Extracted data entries

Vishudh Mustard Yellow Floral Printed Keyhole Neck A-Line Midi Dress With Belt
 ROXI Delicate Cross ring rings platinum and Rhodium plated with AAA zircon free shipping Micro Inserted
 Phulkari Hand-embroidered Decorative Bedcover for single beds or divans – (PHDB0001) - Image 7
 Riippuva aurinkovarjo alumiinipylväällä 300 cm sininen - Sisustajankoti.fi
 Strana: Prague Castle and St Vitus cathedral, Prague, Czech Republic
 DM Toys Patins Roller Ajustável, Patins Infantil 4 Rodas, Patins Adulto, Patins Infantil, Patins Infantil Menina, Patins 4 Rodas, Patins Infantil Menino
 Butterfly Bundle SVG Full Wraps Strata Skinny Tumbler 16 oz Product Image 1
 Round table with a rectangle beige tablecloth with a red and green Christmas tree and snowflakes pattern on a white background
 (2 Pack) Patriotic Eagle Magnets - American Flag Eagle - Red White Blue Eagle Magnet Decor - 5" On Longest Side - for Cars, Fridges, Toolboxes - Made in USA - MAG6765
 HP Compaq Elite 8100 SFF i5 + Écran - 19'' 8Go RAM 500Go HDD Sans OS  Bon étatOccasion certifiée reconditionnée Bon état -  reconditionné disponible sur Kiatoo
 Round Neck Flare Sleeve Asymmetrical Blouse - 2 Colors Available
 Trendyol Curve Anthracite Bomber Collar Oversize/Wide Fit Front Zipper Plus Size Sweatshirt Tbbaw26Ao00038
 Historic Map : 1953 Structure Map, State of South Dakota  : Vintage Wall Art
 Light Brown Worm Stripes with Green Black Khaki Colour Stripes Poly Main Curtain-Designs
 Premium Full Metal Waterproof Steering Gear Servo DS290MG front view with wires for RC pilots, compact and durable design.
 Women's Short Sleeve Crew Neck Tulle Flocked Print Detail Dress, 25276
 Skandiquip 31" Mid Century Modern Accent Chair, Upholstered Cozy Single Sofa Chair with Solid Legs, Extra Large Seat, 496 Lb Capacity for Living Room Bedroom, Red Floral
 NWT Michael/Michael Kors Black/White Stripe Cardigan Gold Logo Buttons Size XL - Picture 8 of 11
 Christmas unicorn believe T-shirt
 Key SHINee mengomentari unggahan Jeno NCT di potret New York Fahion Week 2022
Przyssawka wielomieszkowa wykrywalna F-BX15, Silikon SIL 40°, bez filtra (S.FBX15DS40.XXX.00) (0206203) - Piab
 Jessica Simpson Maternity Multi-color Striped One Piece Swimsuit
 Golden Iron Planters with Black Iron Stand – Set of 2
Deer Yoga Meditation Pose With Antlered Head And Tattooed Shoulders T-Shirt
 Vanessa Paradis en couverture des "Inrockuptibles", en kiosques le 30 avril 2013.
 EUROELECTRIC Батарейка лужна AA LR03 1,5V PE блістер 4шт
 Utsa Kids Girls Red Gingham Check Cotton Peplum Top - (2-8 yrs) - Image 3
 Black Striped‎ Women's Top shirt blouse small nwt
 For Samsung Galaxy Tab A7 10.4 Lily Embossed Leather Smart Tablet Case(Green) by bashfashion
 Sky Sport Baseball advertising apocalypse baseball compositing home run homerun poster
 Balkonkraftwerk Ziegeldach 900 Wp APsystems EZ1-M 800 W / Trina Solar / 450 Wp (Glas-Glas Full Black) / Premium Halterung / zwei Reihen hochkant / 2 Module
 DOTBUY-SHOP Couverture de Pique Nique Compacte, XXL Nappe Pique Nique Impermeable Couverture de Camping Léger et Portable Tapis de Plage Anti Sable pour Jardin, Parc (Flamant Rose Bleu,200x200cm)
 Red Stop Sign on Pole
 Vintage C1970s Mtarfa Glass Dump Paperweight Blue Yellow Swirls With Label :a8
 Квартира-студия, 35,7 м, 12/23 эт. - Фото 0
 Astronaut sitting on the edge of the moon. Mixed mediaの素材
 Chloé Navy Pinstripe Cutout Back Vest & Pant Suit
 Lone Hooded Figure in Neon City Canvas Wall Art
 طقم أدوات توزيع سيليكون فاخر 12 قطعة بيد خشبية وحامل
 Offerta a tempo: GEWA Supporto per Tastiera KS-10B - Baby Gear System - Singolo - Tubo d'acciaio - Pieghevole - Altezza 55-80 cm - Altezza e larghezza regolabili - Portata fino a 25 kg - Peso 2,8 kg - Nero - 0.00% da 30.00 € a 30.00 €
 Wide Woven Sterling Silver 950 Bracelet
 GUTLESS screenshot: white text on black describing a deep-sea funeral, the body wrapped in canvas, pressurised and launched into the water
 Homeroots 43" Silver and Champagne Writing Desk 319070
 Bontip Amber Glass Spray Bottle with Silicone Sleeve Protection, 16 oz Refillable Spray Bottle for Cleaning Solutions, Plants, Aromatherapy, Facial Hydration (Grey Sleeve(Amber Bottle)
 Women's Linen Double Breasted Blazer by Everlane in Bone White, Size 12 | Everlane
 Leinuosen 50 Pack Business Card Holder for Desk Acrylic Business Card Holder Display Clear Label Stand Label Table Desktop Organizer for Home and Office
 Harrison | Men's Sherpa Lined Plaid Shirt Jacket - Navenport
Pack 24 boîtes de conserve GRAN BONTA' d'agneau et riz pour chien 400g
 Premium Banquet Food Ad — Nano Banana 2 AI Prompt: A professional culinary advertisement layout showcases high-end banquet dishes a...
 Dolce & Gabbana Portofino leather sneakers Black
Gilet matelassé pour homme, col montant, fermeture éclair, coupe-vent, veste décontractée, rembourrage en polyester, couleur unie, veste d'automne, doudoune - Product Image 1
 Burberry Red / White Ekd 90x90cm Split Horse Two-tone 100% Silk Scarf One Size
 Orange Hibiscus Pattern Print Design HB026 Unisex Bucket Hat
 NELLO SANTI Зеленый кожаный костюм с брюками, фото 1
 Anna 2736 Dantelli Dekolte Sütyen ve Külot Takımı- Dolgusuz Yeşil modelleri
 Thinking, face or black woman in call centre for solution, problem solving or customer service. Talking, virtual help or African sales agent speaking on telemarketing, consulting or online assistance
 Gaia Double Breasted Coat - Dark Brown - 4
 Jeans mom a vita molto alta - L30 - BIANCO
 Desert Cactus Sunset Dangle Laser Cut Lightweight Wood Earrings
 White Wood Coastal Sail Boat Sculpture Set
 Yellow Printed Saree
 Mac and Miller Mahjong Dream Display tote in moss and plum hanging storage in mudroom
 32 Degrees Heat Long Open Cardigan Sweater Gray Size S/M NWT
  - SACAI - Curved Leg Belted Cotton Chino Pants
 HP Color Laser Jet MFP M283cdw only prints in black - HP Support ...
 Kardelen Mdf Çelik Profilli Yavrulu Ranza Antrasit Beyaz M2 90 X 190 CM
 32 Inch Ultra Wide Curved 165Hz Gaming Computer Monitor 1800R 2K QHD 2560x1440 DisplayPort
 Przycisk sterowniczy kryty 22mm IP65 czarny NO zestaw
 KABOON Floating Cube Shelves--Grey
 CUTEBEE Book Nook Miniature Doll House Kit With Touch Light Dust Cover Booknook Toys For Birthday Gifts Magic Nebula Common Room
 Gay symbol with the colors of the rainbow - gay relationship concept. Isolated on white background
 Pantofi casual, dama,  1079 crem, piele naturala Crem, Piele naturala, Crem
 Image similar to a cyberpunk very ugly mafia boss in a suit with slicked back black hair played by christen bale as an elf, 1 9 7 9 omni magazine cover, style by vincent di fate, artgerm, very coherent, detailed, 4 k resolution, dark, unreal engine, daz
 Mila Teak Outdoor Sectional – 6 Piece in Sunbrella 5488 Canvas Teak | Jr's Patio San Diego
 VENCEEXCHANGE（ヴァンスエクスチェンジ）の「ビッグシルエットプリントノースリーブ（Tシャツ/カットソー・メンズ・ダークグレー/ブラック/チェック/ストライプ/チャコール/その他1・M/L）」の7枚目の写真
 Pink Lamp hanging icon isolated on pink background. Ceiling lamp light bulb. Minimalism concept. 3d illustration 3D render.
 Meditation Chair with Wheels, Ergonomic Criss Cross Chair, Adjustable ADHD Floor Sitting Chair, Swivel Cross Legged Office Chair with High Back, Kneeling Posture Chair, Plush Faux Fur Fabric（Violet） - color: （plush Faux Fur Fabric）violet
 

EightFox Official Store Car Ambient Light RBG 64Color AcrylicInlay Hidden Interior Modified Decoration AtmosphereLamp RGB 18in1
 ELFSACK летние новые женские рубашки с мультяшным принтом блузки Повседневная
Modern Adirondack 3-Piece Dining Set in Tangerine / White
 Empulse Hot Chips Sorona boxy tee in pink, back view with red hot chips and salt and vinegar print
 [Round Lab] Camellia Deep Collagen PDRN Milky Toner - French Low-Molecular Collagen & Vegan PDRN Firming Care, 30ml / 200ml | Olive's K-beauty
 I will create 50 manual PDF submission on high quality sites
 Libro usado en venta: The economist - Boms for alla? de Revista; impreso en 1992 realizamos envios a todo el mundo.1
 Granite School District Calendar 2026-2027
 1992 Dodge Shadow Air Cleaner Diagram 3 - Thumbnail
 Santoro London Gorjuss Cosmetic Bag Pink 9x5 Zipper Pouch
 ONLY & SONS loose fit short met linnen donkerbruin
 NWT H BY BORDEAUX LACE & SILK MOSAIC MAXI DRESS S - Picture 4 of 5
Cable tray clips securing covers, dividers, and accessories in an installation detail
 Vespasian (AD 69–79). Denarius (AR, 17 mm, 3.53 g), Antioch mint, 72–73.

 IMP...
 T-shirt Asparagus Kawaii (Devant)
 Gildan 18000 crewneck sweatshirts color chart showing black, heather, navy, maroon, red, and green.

» **EXERCISE**: Only lines that contain the string "Piece" count; pick each one out of the records and copy it.

» **THE ANSWER**:
 Jessica Simpson Maternity Multi-color Striped One Piece Swimsuit
 Mila Teak Outdoor Sectional – 6 Piece in Sunbrella 5488 Canvas Teak | Jr's Patio San Diego
Modern Adirondack 3-Piece Dining Set in Tangerine / White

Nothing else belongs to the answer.